I wonder how long the diet soda manufactures have been working on this, and preparing for it. I would not be surprised if they already have some thing ready to go to replace it with.
If aspartame makes someone’s weight loss program tolerable enough to lose 50+ pounds, then its risks are probably worth it to reduce other risks borne by being obese.
Good, the less profits soda companies have, the better. Its bad for you regardless of the sweetener. 35-40 grams of sugar per 12 oz can. Insanity.
Good!
I'm for banning artificial sweeteners. Something always told me that you can't get away with having a thing that tastes like sugar but doesn't exactly act like it to the body without some wrong thing happening. Either the taste reaction to the body has to do something strange (tastes like sweet so let's react the same way we would to sugar but oops this isn't sugar so now we're all out of whack) or yeah, something like this where it's carcinogenic.

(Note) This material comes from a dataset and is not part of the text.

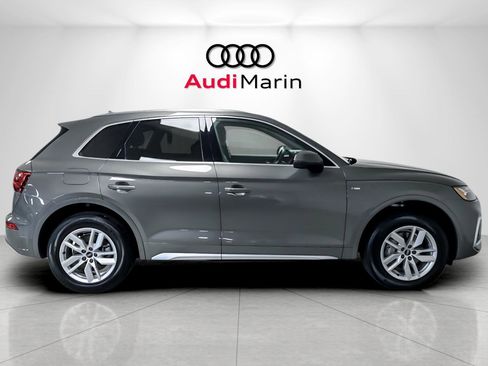 Certified 2023 Audi Q5 2.0T Premium w/ Convenience Package image 6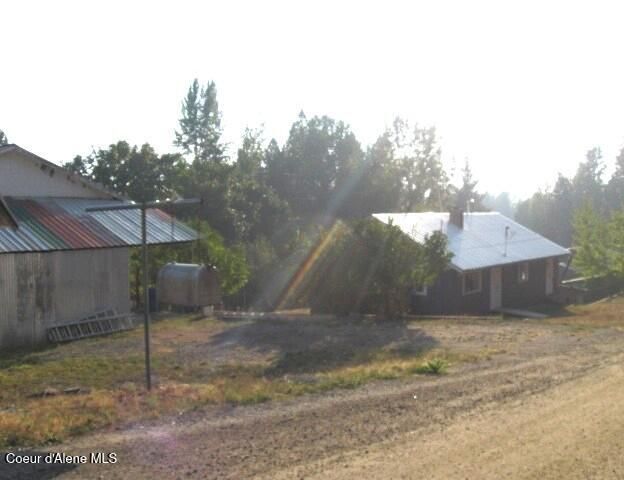 1188 Whiskey Jack Rd, Sandpoint, ID 83864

Now mind you I'm not some wacko who is also against MSG and "chemicals". I also understand that some of the population needs alternatives to sugar. But some of these need full unbiased rigorous testing in humans. What do these things do to our bodies and how do our bodies react to them?
This is a dupe and it's only technically true, it's being added to some low impact "possible carcinogen" category that already contains vast swaths of food and human activities. It has no material impact on any health guidance, it's just a clickbait headline.